Gold Rush Melbourne was a gun-toting town. It is impossible to determine exactly how many guns were owned and carried in the streets of Melbourne in the 1850s. But it is clear from diaries and letters written at the time that many men carried pistols for their protection.

Gold diggers coming to town would almost certainly have been carrying a pistol, to protect their gold and possessions. Business men, merchants and storekeepers considered them essential for their protection. And of course police and gold escorts carried guns. At least some middle-class and wealthier women carried a small single-shot pistol in their handbag.

Living at Emerald Hill (South Melbourne), in May 1853, William Kelly reported: 'I set out for a stroll in the neighbourhood, taking out as a bosom friend and companion a small revolver, as 'sticking up' was quite common even in the mid-day in unfrequented places.'

Fining a man heavily for firing a pistol in Little Bourke Street in 1852, a magistrate stated that he was 'determined to put an end to the prevalent practice of firing guns or pistols in the city'.

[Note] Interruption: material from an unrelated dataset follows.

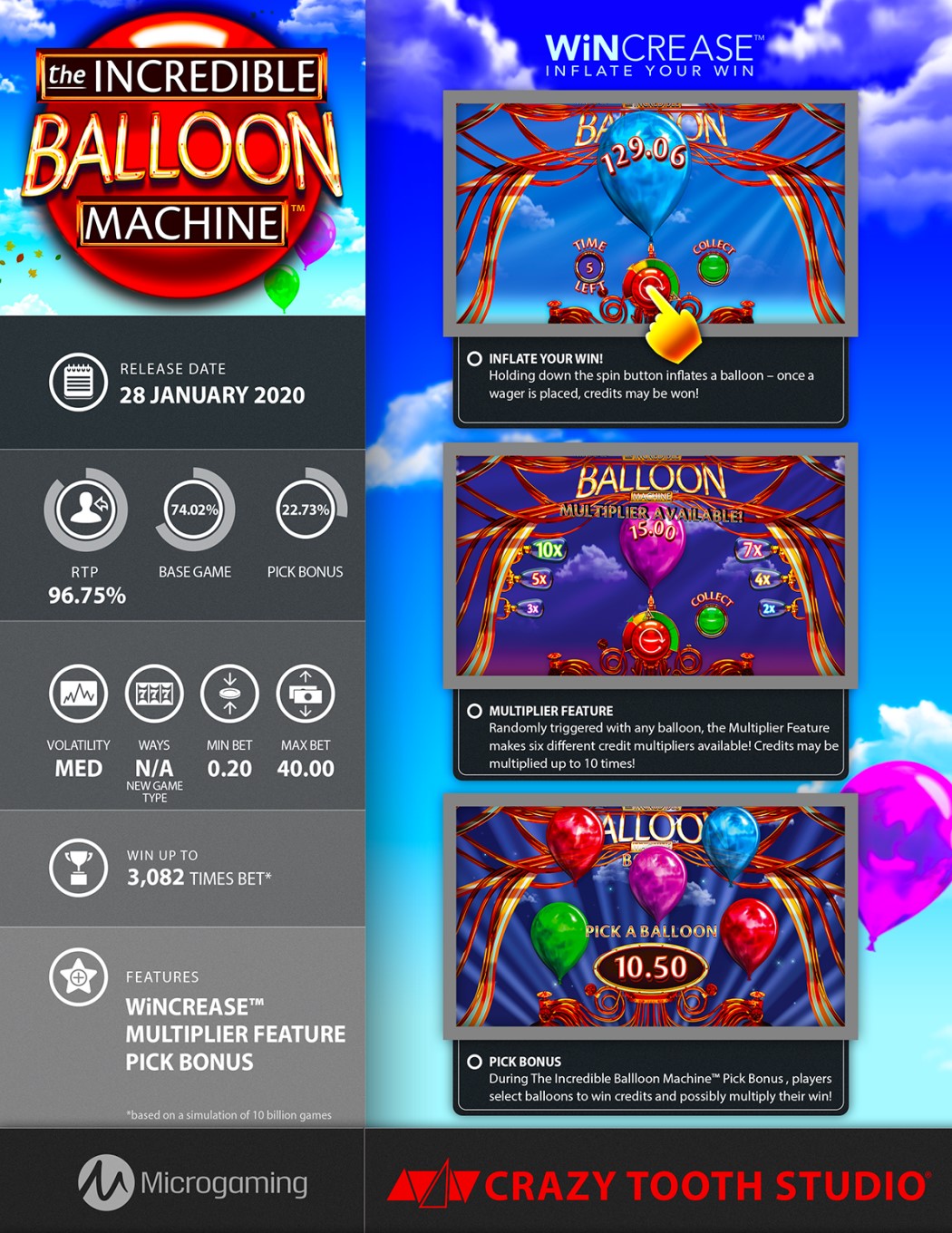 Informations sur le jeu The Incredible Balloon Machine
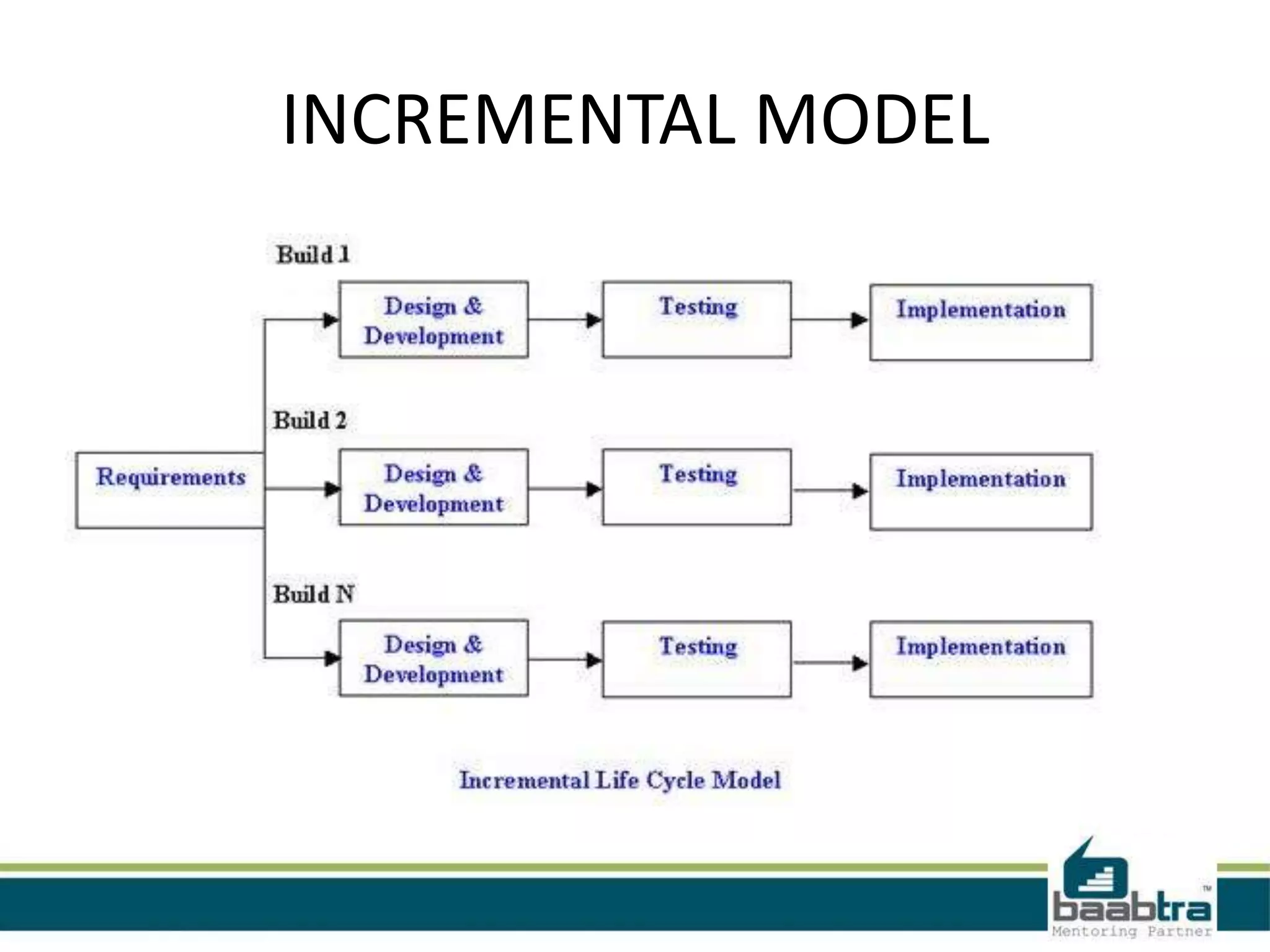 INCREMENTAL MODEL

Trade in pistols was widespread and enormous. While specialist gun-smith stores sprung up in Melbourne (roughly 6-8 in the 1850s), ironmongers, blacksmiths and general stores sold guns and ammunition. One gold dealer in Collins Street displayed not only gold nuggets in his window, but also the pistols purchasers could buy to protect their gold.

But by the late 1850s, Henry Brown reported that the demand for guns had collapsed in Melbourne, as law and order gradually came to the goldfields.

References:
The Argus (20 Oct 1852).
Brown, Henry (1862). Victoria as I Found It, Newby, London.
Kelly, William (1977). Life in Victoria, or Victoria in 1853 and Victoria in 1858, Lowden Publishing, Kilmore, pp. 67-68.